Home > Spinning Silver(16)

Spinning Silver(16)
Author: Naomi Novik

“Did you hear something?” I said, my voice hushed, and then he climbed down and took out a knife from under his coat as he came towards me, and I realized I’d forgotten to worry about anything else but magic. I shoved the heaped blankets and straw towards him as a too-fragile barricade as I scrambled out the other side of the sledge. “Don’t,” I blurted. “Oleg, don’t,” my heavy skirts dragging in the snow as he came around for me. “Oleg, please,” but his face was clenched down, cold deeper than any winter. “It’s not my gold!” I cried in desperation, holding the purse out between us. “It’s not mine, I have to pay it back—”

He didn’t stop. “None of it’s yours,” he snarled. “None of it’s yours, little grubbing vulture, taking money out of the hands of honest working men,” every word out of his mouth familiar as a knife: it was the story again, only a little different; a story Oleg had found to persuade himself he wasn’t doing wrong, that he had a right to what he’d take or cheat, and I knew he wouldn’t listen to me. He would leave my body for the wolves, and go home with the gold hidden under his coat, and say I had been lost in the woods.

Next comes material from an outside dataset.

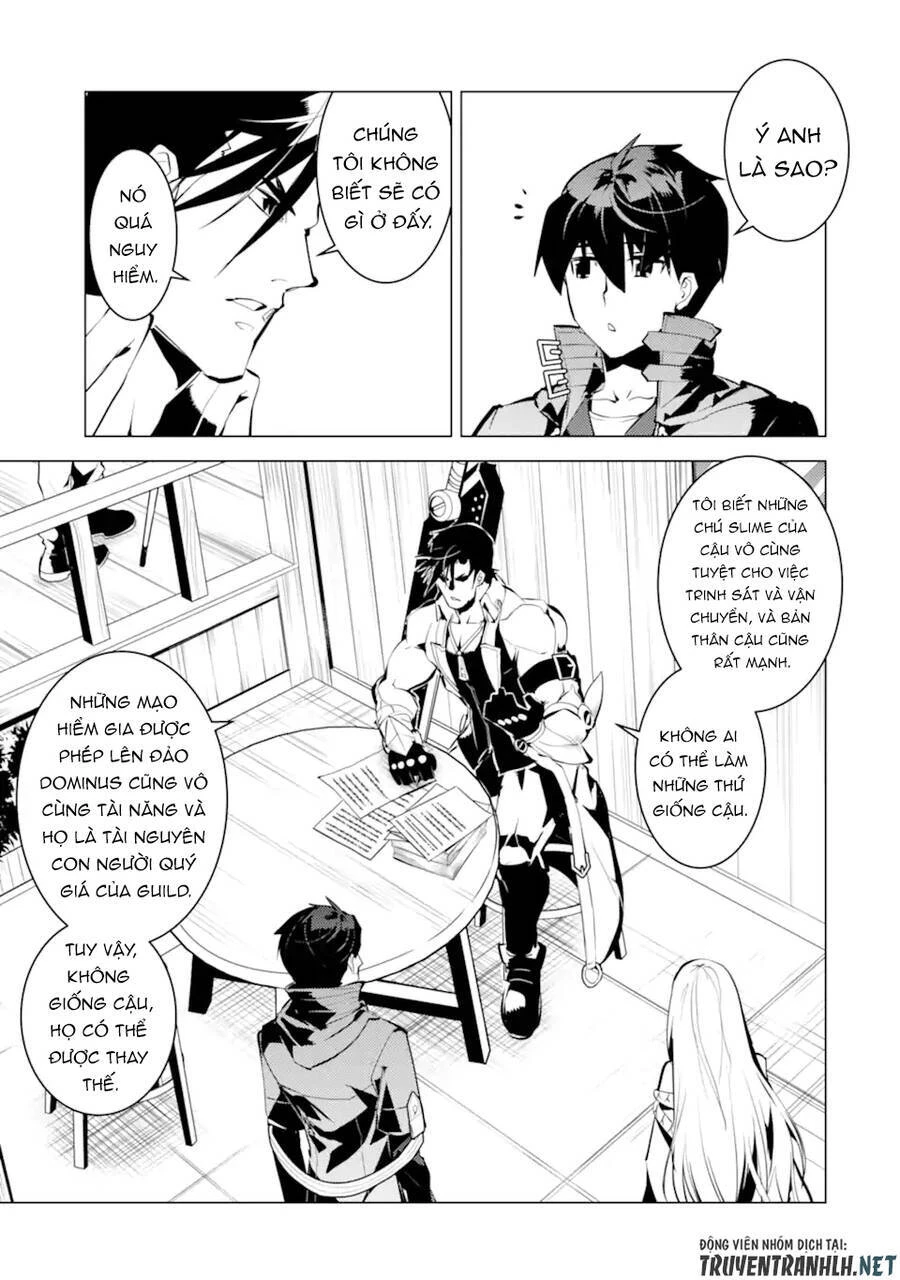 Tensei Kenja No Isekai Raifu ~ Daini No Shokugyo Wo Ete, Sekai Saikyou Ni Narimashita~ Chapter 44 - 15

I dropped the purse and gripped two big handfuls of my skirts and struggled back, floundering through the deep snow, higher than my thighs. He lunged, and I flung myself away, falling backwards. The crust atop the snow gave beneath my weight, and branches out of the underbrush clawed my cheek. I couldn’t get up. He was standing over me, his knife in one hand and the other reaching down to grab me, and then he halted; his arms sank down to his sides.

He wasn’t showing me mercy. A deeper cold was coming into his face, stealing blue over his lips, and white frost was climbing over his thick brown beard. I struggled back to my feet, shivering. The Staryk was standing behind him, a hand laid upon the back of his neck like a master taking hold of a dog.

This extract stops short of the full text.